ACID guarantees database reliability through four properties: (1) Atomicity (All-or-Nothing): Transaction executes completely or not at all. Example: Bank transfer $100 from Account A to Account B - both debit and credit must succeed together. If credit fails, debit is rolled back (money does not disappear). Critical because: Prevents partial operations that violate business rules. Real-world failure: Knight Capital lost $440M (2012) due to atomicity violations (buy orders without sell orders). (2) Consistency (Valid → Valid): Transaction moves database from one valid state to another.
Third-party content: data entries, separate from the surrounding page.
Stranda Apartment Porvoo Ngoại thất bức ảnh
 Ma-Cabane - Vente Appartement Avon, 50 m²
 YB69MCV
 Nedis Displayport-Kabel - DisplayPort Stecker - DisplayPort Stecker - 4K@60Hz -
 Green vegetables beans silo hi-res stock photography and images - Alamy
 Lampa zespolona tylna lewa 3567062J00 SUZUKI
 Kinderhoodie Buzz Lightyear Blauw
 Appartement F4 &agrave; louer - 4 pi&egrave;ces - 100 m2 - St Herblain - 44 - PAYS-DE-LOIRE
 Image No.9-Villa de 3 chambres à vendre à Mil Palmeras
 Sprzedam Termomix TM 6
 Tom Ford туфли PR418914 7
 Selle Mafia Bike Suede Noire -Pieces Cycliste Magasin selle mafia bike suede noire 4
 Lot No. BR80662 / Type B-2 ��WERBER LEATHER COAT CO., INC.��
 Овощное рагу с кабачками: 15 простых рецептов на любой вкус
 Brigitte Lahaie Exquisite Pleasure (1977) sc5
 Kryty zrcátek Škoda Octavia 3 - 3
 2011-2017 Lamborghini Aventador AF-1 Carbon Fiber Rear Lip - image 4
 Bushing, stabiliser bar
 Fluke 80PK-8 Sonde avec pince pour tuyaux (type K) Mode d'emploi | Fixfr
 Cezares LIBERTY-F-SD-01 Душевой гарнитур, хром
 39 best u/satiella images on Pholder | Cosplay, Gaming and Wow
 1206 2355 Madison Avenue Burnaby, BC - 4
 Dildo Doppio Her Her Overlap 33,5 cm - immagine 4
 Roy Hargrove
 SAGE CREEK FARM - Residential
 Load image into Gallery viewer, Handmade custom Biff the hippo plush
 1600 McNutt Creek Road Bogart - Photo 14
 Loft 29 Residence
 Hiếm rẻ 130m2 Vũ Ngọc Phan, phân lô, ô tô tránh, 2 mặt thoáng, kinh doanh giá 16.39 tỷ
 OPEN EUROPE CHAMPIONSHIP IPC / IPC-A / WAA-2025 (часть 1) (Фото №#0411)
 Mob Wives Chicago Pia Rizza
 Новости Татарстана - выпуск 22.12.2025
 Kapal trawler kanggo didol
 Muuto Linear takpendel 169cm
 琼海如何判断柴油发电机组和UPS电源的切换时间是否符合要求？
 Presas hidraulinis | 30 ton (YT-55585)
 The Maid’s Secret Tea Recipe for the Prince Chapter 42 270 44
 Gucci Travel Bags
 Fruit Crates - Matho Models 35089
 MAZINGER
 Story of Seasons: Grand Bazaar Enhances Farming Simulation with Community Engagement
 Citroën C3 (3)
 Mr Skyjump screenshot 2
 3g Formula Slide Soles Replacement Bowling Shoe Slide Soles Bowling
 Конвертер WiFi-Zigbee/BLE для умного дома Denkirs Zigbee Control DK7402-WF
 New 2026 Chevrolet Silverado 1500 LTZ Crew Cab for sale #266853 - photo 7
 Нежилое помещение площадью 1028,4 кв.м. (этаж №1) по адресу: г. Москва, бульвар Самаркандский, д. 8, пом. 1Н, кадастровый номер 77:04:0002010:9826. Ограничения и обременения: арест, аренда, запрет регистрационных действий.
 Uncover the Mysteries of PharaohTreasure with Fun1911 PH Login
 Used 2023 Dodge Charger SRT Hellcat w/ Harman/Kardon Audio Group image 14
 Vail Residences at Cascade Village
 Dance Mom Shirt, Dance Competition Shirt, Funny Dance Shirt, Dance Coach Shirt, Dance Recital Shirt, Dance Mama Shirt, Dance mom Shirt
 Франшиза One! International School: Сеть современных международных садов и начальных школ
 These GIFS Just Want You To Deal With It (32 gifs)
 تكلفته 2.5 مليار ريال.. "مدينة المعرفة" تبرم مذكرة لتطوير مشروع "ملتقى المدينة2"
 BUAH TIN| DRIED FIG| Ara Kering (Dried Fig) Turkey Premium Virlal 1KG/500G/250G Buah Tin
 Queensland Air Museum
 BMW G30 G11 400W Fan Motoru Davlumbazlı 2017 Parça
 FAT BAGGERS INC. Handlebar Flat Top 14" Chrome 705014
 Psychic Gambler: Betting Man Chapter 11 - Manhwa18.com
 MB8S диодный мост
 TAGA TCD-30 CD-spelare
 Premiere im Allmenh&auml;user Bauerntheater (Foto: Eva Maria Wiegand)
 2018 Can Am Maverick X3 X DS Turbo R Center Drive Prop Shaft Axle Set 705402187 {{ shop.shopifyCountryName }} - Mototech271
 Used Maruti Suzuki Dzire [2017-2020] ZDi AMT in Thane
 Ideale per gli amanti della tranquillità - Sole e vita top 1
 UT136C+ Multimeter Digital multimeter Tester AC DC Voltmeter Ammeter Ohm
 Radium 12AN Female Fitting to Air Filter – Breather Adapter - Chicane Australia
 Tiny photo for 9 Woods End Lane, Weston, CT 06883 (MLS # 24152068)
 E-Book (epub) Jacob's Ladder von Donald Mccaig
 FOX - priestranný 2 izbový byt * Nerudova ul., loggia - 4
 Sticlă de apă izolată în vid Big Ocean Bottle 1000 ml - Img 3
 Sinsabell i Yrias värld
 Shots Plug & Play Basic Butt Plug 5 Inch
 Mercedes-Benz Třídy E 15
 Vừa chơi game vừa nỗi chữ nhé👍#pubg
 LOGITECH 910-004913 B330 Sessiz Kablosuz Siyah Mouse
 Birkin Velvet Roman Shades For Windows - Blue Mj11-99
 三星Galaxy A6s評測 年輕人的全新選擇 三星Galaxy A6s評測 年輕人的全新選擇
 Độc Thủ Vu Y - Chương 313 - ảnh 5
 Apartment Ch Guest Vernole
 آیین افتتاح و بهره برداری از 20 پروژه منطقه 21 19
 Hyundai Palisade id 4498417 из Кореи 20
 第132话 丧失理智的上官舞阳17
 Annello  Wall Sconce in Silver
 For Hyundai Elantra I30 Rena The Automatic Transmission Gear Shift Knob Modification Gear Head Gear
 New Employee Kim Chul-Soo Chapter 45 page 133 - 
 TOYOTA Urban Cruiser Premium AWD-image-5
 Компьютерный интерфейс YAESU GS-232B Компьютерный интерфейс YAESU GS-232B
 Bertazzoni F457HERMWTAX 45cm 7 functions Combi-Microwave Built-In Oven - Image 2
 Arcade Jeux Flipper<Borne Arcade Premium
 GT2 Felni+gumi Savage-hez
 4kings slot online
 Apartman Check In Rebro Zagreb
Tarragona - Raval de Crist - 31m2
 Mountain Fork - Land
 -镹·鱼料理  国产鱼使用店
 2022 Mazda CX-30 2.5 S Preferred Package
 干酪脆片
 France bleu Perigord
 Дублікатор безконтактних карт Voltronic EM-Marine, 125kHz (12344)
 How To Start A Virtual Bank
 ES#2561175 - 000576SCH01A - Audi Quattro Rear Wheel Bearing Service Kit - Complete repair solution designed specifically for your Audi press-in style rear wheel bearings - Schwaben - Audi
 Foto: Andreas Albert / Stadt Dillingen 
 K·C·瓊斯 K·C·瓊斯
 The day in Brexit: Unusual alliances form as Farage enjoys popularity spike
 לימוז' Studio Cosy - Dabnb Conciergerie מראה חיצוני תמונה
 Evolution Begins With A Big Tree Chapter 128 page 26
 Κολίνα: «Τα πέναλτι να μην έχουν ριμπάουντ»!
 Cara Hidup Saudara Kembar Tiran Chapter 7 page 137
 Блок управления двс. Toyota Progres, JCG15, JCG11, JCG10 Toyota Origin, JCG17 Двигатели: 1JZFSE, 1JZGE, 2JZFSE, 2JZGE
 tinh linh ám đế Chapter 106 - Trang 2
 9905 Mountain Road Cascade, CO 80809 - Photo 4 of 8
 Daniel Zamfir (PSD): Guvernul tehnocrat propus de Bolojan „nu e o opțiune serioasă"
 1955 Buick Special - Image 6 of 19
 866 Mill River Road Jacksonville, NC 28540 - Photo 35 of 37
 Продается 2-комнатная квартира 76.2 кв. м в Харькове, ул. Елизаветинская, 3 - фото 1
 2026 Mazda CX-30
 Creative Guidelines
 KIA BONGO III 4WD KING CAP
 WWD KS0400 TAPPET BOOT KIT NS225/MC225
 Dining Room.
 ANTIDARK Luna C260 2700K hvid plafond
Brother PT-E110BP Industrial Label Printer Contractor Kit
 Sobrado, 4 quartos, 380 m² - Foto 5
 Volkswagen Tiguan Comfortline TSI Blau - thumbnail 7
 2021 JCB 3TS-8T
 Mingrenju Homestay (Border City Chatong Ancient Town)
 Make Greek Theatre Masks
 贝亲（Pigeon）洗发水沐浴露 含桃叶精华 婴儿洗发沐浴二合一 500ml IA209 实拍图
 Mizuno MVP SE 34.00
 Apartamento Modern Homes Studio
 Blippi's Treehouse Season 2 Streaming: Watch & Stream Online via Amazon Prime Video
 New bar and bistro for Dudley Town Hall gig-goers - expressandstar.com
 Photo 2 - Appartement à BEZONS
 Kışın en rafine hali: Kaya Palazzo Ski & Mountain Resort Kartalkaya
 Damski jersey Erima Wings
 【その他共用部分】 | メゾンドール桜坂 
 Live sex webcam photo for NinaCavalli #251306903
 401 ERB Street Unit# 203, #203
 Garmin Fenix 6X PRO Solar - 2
Example: Account balance must be ≥ 0. If debit causes negative balance, transaction is rolled back. Critical because: Enforces business rules and constraints. Real-world failure: TSB Bank outage (2018) - consistency violations during migration caused wrong balances for 1.9M customers. (3) Isolation (Concurrent Safety): Concurrent transactions do not interfere. Example: Two users transfer from same account - locks prevent race condition (lost update). Critical because: Prevents race conditions in multi-user systems. Real-world failure: Ticket booking system double-books last seat due to isolation violation. (4) Durability (Persist Forever): Committed changes survive crashes. Example: Transfer committed, database crashes immediately - changes still present after restart. Critical because: Guarantees data is not lost. Real-world failure: British Airways (2017) lost transaction data due to power outage, 75K passengers stranded. Summary: ACID prevents data loss, inconsistencies, and race conditions. Every production database must guarantee ACID for reliability.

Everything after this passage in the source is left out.